The task
Your answer must be the exact lines from the one holding "Personalized Bee Baby" through the last line of the records below, with no pictures.

Data under study
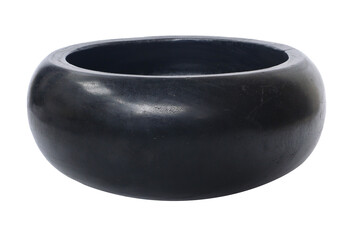 black wooden vase isolated on white background. Details of modern boho bohemian scandinavian, loft and minimal style eco design interior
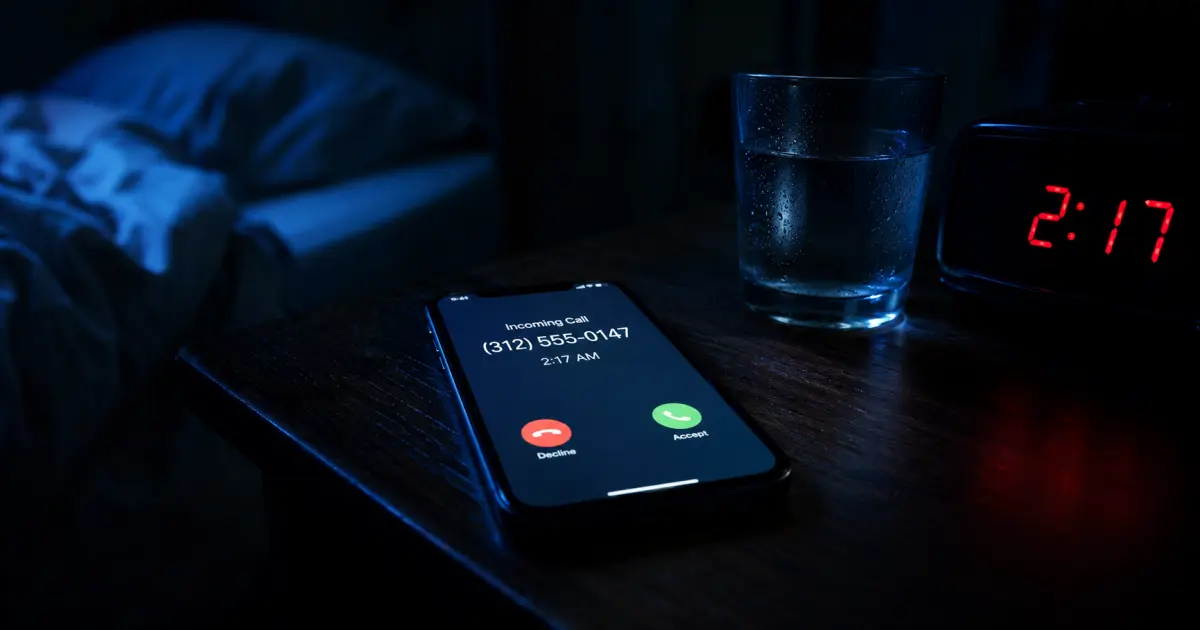 A smartphone on a nightstand glowing with an incoming call at 2 AM in a dark bedroom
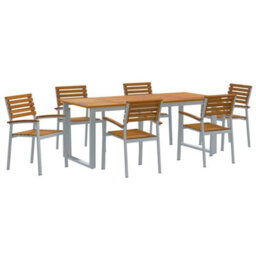 Berkfield Modern Garden Dining Set 7 Pcs Grey And Brown Solid Acacia Wood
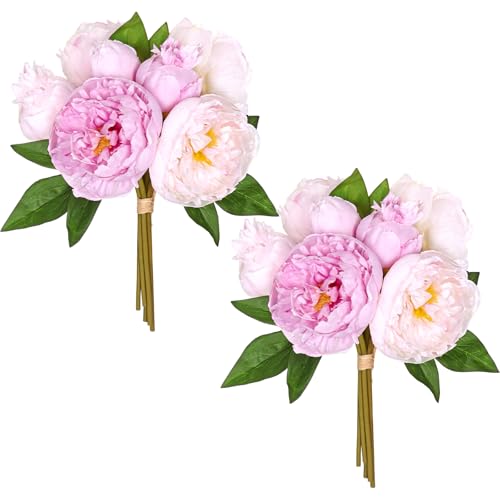 TOCHGREEN Artificial Peonies Silk Flowers 2 Bouquets 14 Heads Vintage Faux Peony with Stems for Home Wedding Table Decor Bridal Bouquet Floral Arrangement - color: Purple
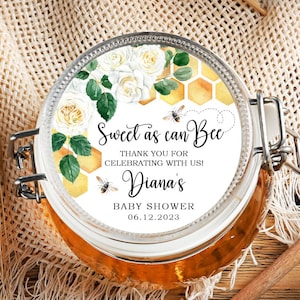 Personalized Bee Baby Shower Stickers, Floral Bee Baby Shower Stickers, Party Favor Labels, Sweet as can Bee , 4 Sizes, Glossy Stickers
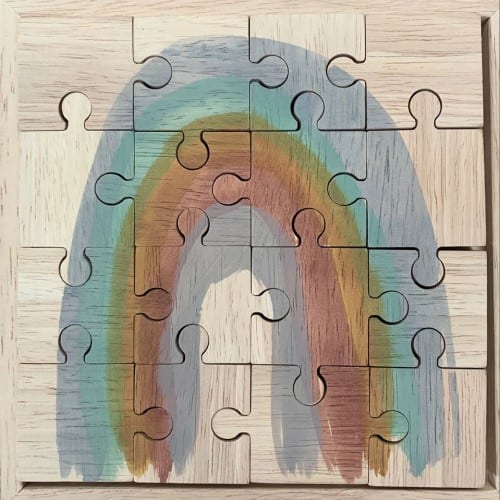 Papoose Wooden Puzzle Puzzle Earth Rainbow 16 Pieces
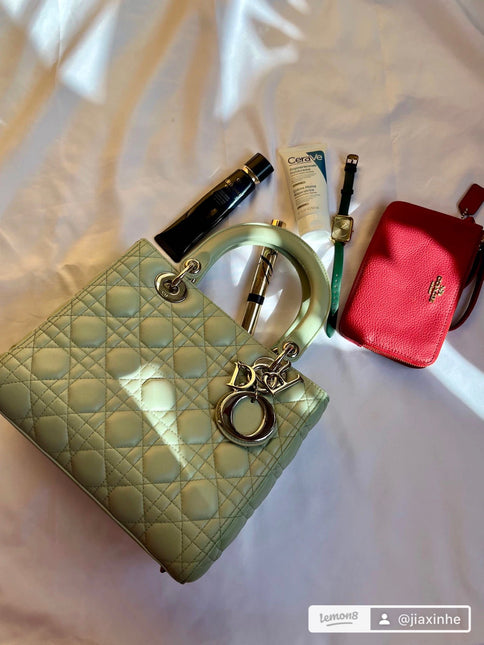 Sold Lady Dior Medium Mint Cannage Lambskin Leather with silver hardware and strap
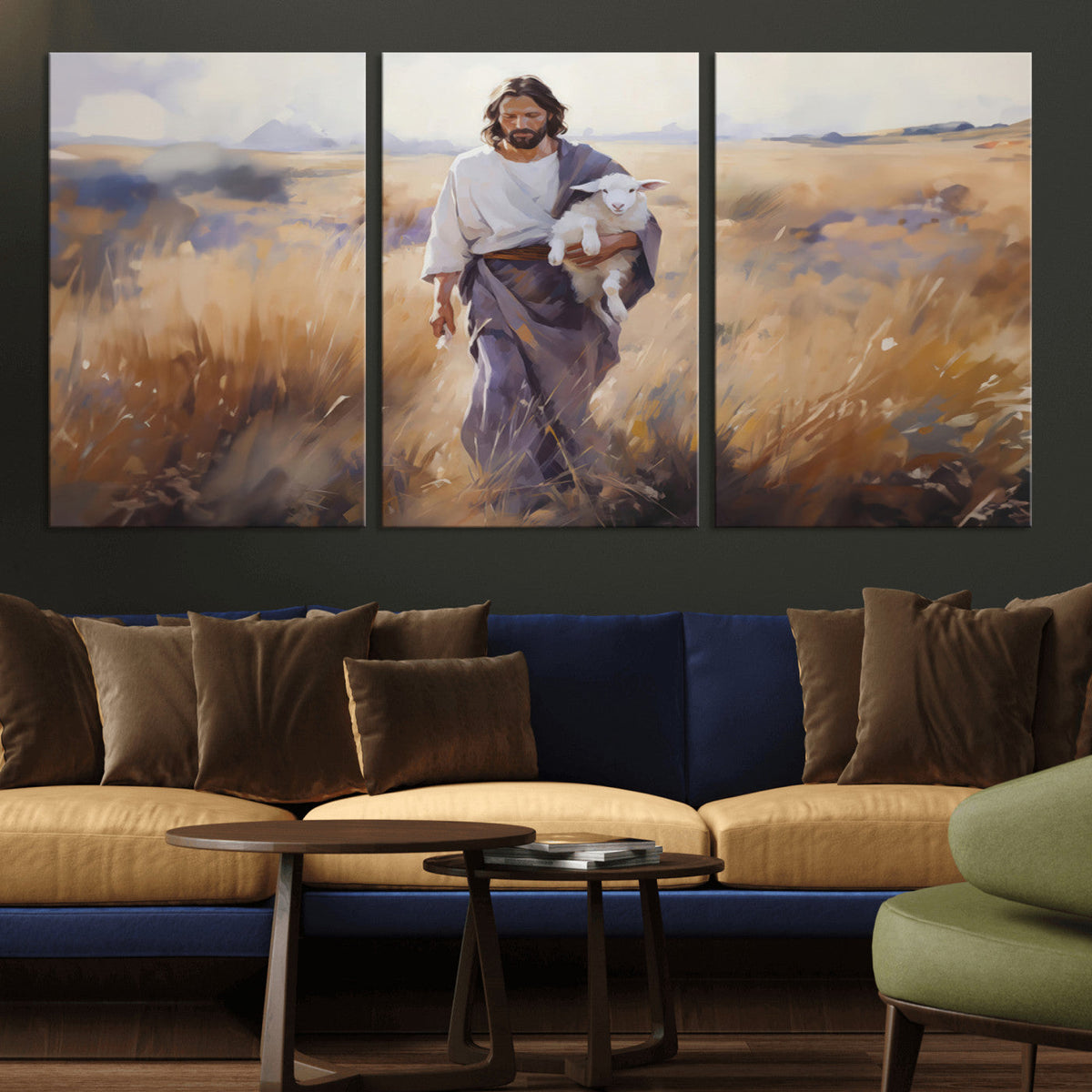 Jesus the Good Shepherd Wall Art Canvas Print - Lost Lamb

Your solution
 Personalized Bee Baby Shower Stickers, Floral Bee Baby Shower Stickers, Party Favor Labels, Sweet as can Bee , 4 Sizes, Glossy Stickers
 Papoose Wooden Puzzle Puzzle Earth Rainbow 16 Pieces
 Sold Lady Dior Medium Mint Cannage Lambskin Leather with silver hardware and strap
 Jesus the Good Shepherd Wall Art Canvas Print - Lost Lamb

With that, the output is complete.